Что это ему взбрело в голову? Ну да, в его понимании мой возраст автоматически предполагает наличие мужа и семейной жизни. Сам того не желая, безумный профессор окончательно добил меня. Как если бы я и без этого не была раздавлена. Ничего не поделаешь, придется разбираться самой, не дожидаясь помощи. У Эмерика есть собственная семья, и он о ней заботится. Я для него на втором месте.

– Хорошо, спасибо, – сухо ответила я.

Оставив Огюста прощаться с врачом, я уселась на заднее сиденье. Если он так хорошо знает танцовщиков, его не оскорбит моя невежливость и нежелание разговаривать. Пока я оставалась в клинике, я не догадывалась, что мы просидели там практически целый день. Эмерик настойчиво пытался до меня дозвониться на протяжении нескольких часов. Я надеялась, что до возвращения домой он сделает еще одну попытку. На обратном пути Огюст сел рядом со мной. Воспитательные меры завершены. Я огребла по полной. Первые километры мы проехали в гробовой тишине, я уставилась в окно и не отрывалась от дороги. Затем, чтобы не думать о ближайших неделях и не рисовать себе ужасные картины ожидающей меня неподвижности, я решилась раскрыть рот:

– Вы его давно знаете?

– Многие десятки лет, он спас мое колено, и благодаря ему я продолжал танцевать до солидного возраста.

– То есть он и впрямь так хорош? – В моем голосе прозвучала легкая ирония.

Огюст усмехнулся:

– Я знаю, в это трудно поверить, но да, он один из лучших.

– Нет, поверить не трудно… Просто он в некотором роде оригинал.

– Ты знаешь, что тебе делать?

Я посмотрела вверх, чтобы сдержать слезы, после чего перевела взгляд на Огюста. Его лицо было ласковым.

– Послушайся его, обойдись без глупостей.

Мне как-то удалось засмеяться. Правда, горько.

– Не знаю, что еще мне остается.

– Ты меня поняла, не геройствуй. Потерпи… не порть все. Несколько недель жизни – не так уж много. Жертва того стоит.

– Я знаю…

– Ты прекрасная танцовщица и признанный педагог, ученики тебя обожают. Если ты будешь вести себя разумно и позаботишься наконец-то о себе и своем теле, эта история скоро станет всего лишь неприятным воспоминанием и не более.
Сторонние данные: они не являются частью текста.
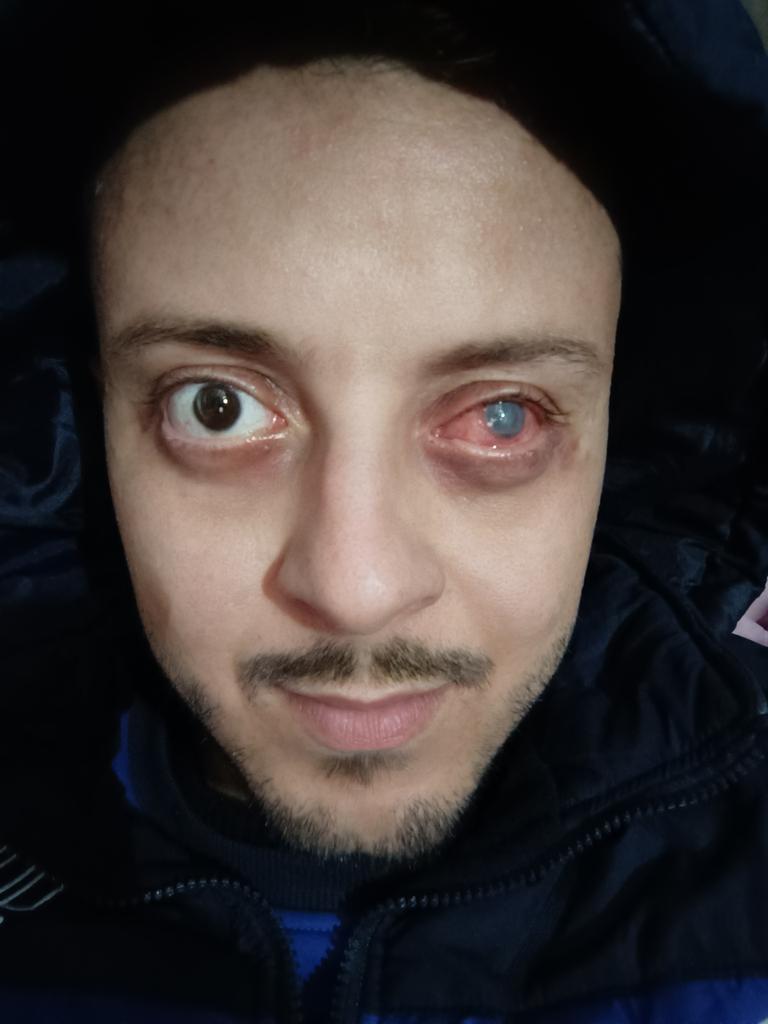 Living under pain and genocide in Gaza. 
Please pray for my eyes. 
gofund.me/3fd33d14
– Я не подведу, буду разумной.

Я сказала это искренне, без притворства. Я только что получила невероятно болезненную пощечину. Я страдала не только физически, мне как будто воткнули в грудь нож. На протяжении всей своей жизни я даже помыслить не могла, что однажды не буду танцевать. Невообразимо. Отказаться от танца означало для меня отказаться от себя. Лишить мое тело его естества, смысла его существования. Без танца я буду пустой оболочкой. Все предельно просто: я отказываюсь подвергать опасности свое равновесие, всю мою жизнь. Такой вопрос даже не стоит. Да, я ответственна за то, что со мной случилось, но теперь я обязана нести ответственность за свое выздоровление. Никто не обещает, что мне будет легко, но это уже другой вопрос, придется собраться с силами и хотя бы притвориться, будто я со всем справляюсь, чтобы никого не напрягать. Мой мобильник завибрировал, пришло сообщение от Эмерика:


Ты где? Ответь.


Я написала:


Мы с Огюстом в такси, только что от врача, должна быть дома через полчаса. Созвонимся?